Lopez, Gérald, Granado, Lérys, Coquil, Gaël, Lárez-Sosa, Andrés, Louvain, Nicolas, Améduri, Bruno
Macromolecules 2019 v.52 no.5 pp. 2148-2155
activation energy, alkylation, differential scanning calorimetry, freezing, liquids, mechanical properties, nitrogen, temperature, viscoelasticity
Ion-conducting low-Tg perfluoropolyether (PFPE)-based vitrimers were obtained via thermally initiated polyaddition and in situ N-alkylation in the presence of a fluorinated cross-linker. Both reactions were quantified by differential scanning calorimetry (DSC) employing the Vyazovkin method (74 ± 1 kJ mol–¹ for the polyaddition and 140 kJ mol–¹ for the N-alkylation). The viscous flow activation energy was found to be 161 ± 23 kJ mol–¹, in good correlation with the activation energy calculated by DSC for the N-alkylation.
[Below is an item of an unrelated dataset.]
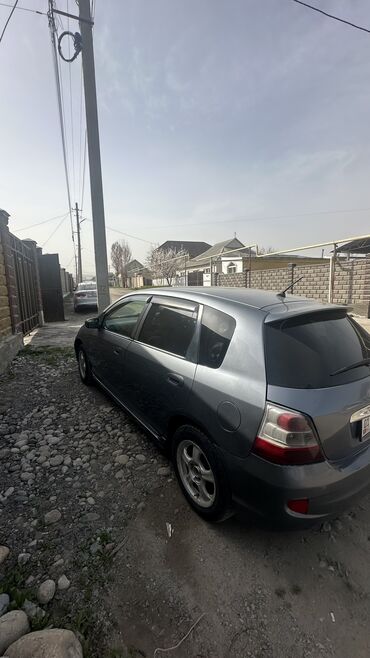 Honda: Honda Civic: 2005 г., 1.7 л, Автомат, Бензин, Хэтчбэк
The creep behavior at elevated temperature is typical of a viscoelastic liquid and the relaxation times range from 2.5 h at 170 °C to 4 min at 210 °C. The topology freezing transition temperatures found via thermal creep experiment and relaxometry were in absolute agreement (ca. 110 °C). The network is stable under acidic and basic environments and can recover its mechanical properties after two recyclings. Three samples were prepared by varying the cross-linker loading, and the most stable displays a Td⁵% of 293 °C under nitrogen and a water contact angle of 136°. Ionic conductivities for these nondoped materials range from 0.5 × 10–⁶ to 1.1 × 10–⁶ S cm–¹ at 27 °C.